** DATASET CONTENT follows **
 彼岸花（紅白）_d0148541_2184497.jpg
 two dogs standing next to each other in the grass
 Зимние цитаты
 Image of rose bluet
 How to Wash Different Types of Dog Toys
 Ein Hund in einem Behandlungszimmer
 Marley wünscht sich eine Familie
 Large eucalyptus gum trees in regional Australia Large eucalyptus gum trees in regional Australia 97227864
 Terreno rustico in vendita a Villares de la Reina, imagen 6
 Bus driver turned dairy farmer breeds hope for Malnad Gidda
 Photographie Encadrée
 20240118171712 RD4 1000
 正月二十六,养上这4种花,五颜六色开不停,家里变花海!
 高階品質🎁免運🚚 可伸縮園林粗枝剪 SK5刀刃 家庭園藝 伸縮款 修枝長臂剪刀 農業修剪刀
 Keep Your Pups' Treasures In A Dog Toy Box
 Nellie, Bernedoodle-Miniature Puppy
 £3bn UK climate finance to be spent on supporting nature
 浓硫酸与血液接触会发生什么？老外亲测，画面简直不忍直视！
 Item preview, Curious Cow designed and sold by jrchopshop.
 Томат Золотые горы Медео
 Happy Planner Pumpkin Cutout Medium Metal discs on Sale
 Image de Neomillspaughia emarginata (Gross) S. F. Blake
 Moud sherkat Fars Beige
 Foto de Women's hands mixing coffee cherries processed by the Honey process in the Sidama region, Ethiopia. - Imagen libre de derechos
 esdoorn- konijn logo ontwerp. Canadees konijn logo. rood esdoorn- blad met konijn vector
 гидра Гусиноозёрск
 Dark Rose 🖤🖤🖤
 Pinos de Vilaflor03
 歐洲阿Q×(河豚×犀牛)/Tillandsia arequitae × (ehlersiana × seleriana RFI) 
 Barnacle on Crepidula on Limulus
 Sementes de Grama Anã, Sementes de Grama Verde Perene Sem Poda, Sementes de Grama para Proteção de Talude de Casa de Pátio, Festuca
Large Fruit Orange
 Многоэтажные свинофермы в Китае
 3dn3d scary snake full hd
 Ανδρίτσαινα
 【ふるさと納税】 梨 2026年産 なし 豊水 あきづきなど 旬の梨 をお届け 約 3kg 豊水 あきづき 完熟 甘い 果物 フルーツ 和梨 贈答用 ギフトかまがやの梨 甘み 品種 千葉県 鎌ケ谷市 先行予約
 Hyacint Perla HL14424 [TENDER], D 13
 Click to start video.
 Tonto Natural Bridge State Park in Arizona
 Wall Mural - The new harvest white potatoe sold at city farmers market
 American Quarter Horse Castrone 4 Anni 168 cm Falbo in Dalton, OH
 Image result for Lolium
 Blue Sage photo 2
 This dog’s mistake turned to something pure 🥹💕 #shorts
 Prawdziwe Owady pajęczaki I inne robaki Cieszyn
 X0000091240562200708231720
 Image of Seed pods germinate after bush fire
** End of DATASET CONTENT **
### YOUR ASSIGNMENT
Copy, please, exactly the lines that start at the first line of the data and end at the line containing "Pinos de Vilaflor03", both kept and no others.

### EXPECTED OUTPUT
 彼岸花（紅白）_d0148541_2184497.jpg
 two dogs standing next to each other in the grass
 Зимние цитаты
 Image of rose bluet
 How to Wash Different Types of Dog Toys
 Ein Hund in einem Behandlungszimmer
 Marley wünscht sich eine Familie
 Large eucalyptus gum trees in regional Australia Large eucalyptus gum trees in regional Australia 97227864
 Terreno rustico in vendita a Villares de la Reina, imagen 6
 Bus driver turned dairy farmer breeds hope for Malnad Gidda
 Photographie Encadrée
 20240118171712 RD4 1000
 正月二十六,养上这4种花,五颜六色开不停,家里变花海!
 高階品質🎁免運🚚 可伸縮園林粗枝剪 SK5刀刃 家庭園藝 伸縮款 修枝長臂剪刀 農業修剪刀
 Keep Your Pups' Treasures In A Dog Toy Box
 Nellie, Bernedoodle-Miniature Puppy
 £3bn UK climate finance to be spent on supporting nature
 浓硫酸与血液接触会发生什么？老外亲测，画面简直不忍直视！
 Item preview, Curious Cow designed and sold by jrchopshop.
 Томат Золотые горы Медео
 Happy Planner Pumpkin Cutout Medium Metal discs on Sale
 Image de Neomillspaughia emarginata (Gross) S. F. Blake
 Moud sherkat Fars Beige
 Foto de Women's hands mixing coffee cherries processed by the Honey process in the Sidama region, Ethiopia. - Imagen libre de derechos
 esdoorn- konijn logo ontwerp. Canadees konijn logo. rood esdoorn- blad met konijn vector
 гидра Гусиноозёрск
 Dark Rose 🖤🖤🖤
 Pinos de Vilaflor03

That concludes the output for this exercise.